Pandas is the defaqto library for data analysis in Python for good reason. It’s infinitely flexible, relatively performant and easy to learn. That said, quite a lot of what we, as data scientists and engineers do is trial and error and exploration.
This exploratative process can sometimes be a bit tedius. We create a dataframe; apply some filters; visualize the data using matplot lib or seaborn on an infinite loop until we know enough about the dataset we’re working with.
I have recently stumbled upon a GUI for Pandas, which makes all of this a little bit quicker and a little bit less tedious, as we can rapidly slice and dice our data as we please, without even writing a line of code.
To install it, you can simply type ‘pip3 install pandasgui’. If you get an error a little bit like the one below, make sure to first run ‘pip3 install –upgrade pip’. This should fix the issue.
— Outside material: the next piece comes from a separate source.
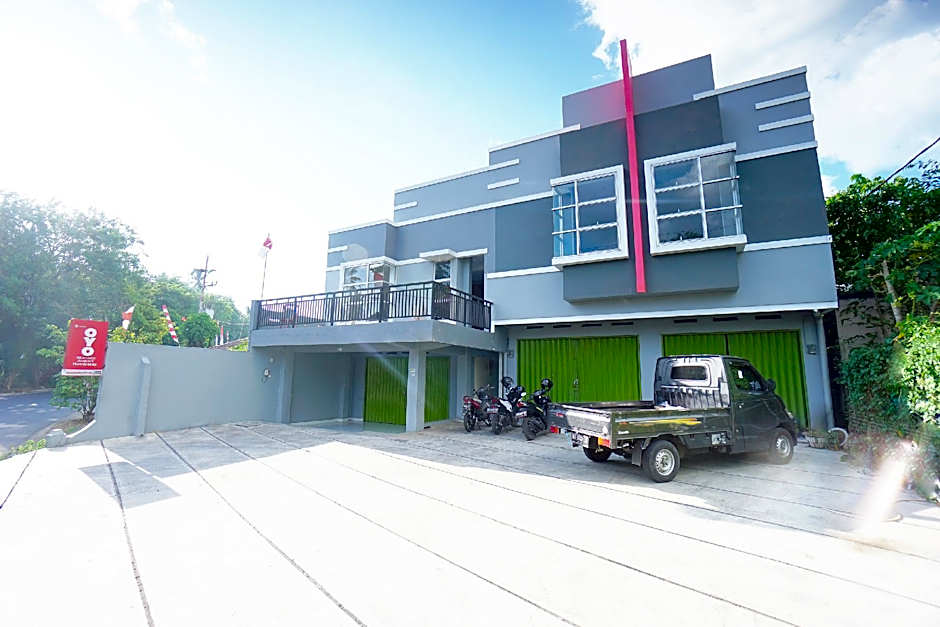 OYO 1064 Manado Airport Homestay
Command "python setup.py egg_info" failed with error code 1 in /tmp/pip-install-dzdmy8xr/PyQt5/
Now, let’s get into it. Below, we create a dataframe just as we would do normally with Pandas, but instead of df.head() or something similar, we do show(df).
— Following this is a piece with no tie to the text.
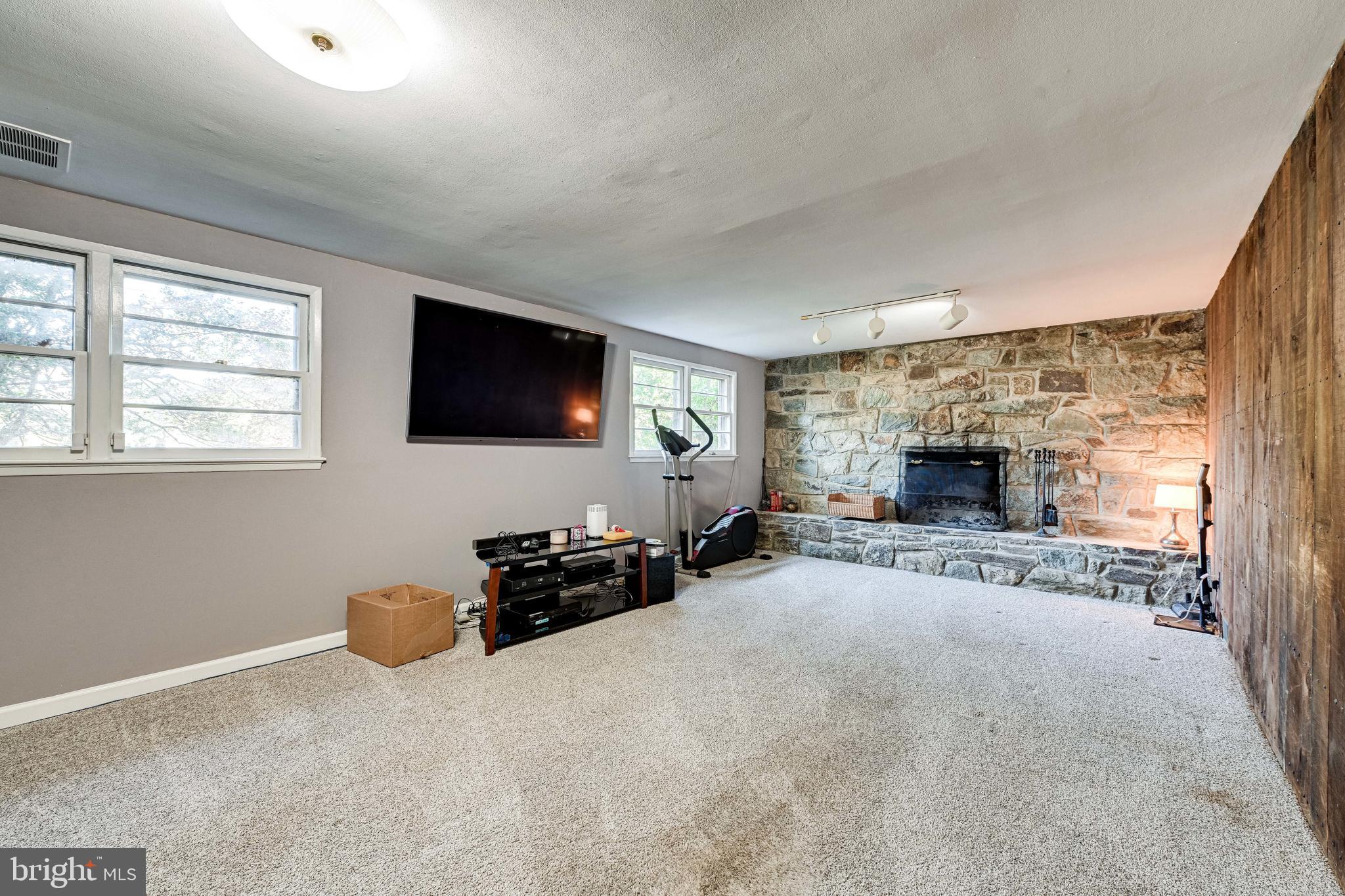 5306 Juliet Street Springfield, VA 22151 - Photo 17 of 32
import pandas as pd from pandasgui import show df = pd.read_csv('/home/Datasets/diabetes2.csv') show(df)
This opens a new window like the below, which shows us our dataframe visually. I hear you, nothing new about this really, it looks pretty similar to showing the dataframe in a Jupyter notebook. But keep reading, this is better… much better.
What if then, I wanted to filter this dataset to show me only the records where pregnancies were equal to 3. We simply, head over to the filter tab and type ‘pregnancies == 3’ and that’s it – we’ve filtered the dataframe.
Now, we can inspect the dataframe to extract some key statistics from each field – the min, max, standard deviation etc… To do that, we just head over to the statistics tab – we see the below.
Now, the really valuable bit. The grapher tab gives us the ability to play around with different graph types and configurations to explore our data and understand what we are working with. It’s as simple as dragging the field we are interested in from the left pane to the right and clicking the ‘finish’ button.
The final thing, which is pretty cool is the reshaper. If you need to melt or pivot your dataframes, you can do that using this tab. It gives us the opportunity to trial a few things with our dataframes and make sure we have a good handle on the dataset & what we are working with before we try to ingest the data into a model.
Personally, I think this tool is really useful. Perhaps it isn’t a gamechanger, but it certainly does streamline the data exploration phase of our project.